## Try it
Word for word, restate the records that follow.

---------- Given entries ----------

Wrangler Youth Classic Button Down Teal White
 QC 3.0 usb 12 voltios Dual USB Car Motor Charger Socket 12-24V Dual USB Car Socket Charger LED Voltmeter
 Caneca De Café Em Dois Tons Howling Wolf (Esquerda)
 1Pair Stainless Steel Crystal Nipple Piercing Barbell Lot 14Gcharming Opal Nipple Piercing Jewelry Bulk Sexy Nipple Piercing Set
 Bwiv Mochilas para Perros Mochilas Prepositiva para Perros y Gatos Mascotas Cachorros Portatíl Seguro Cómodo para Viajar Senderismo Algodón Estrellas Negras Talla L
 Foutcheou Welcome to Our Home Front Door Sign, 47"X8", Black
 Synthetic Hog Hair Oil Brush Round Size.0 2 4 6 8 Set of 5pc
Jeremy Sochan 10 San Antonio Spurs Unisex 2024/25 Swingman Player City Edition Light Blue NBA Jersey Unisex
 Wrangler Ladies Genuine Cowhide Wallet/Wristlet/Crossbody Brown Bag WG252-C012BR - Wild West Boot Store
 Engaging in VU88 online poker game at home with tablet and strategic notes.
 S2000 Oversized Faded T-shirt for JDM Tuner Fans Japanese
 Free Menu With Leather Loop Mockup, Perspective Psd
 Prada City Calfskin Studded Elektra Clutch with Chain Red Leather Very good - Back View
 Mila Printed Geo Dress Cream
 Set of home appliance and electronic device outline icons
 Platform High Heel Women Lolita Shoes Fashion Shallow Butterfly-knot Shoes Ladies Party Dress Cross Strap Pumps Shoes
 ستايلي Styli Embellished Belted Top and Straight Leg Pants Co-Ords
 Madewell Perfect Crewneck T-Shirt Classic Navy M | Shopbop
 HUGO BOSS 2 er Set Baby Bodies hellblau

----------

## Exercise result
Wrangler Youth Classic Button Down Teal White
 QC 3.0 usb 12 voltios Dual USB Car Motor Charger Socket 12-24V Dual USB Car Socket Charger LED Voltmeter
 Caneca De Café Em Dois Tons Howling Wolf (Esquerda)
 1Pair Stainless Steel Crystal Nipple Piercing Barbell Lot 14Gcharming Opal Nipple Piercing Jewelry Bulk Sexy Nipple Piercing Set
 Bwiv Mochilas para Perros Mochilas Prepositiva para Perros y Gatos Mascotas Cachorros Portatíl Seguro Cómodo para Viajar Senderismo Algodón Estrellas Negras Talla L
 Foutcheou Welcome to Our Home Front Door Sign, 47"X8", Black
 Synthetic Hog Hair Oil Brush Round Size.0 2 4 6 8 Set of 5pc
Jeremy Sochan 10 San Antonio Spurs Unisex 2024/25 Swingman Player City Edition Light Blue NBA Jersey Unisex
 Wrangler Ladies Genuine Cowhide Wallet/Wristlet/Crossbody Brown Bag WG252-C012BR - Wild West Boot Store
 Engaging in VU88 online poker game at home with tablet and strategic notes.
 S2000 Oversized Faded T-shirt for JDM Tuner Fans Japanese
 Free Menu With Leather Loop Mockup, Perspective Psd
 Prada City Calfskin Studded Elektra Clutch with Chain Red Leather Very good - Back View
 Mila Printed Geo Dress Cream
 Set of home appliance and electronic device outline icons
 Platform High Heel Women Lolita Shoes Fashion Shallow Butterfly-knot Shoes Ladies Party Dress Cross Strap Pumps Shoes
 ستايلي Styli Embellished Belted Top and Straight Leg Pants Co-Ords
 Madewell Perfect Crewneck T-Shirt Classic Navy M | Shopbop
 HUGO BOSS 2 er Set Baby Bodies hellblau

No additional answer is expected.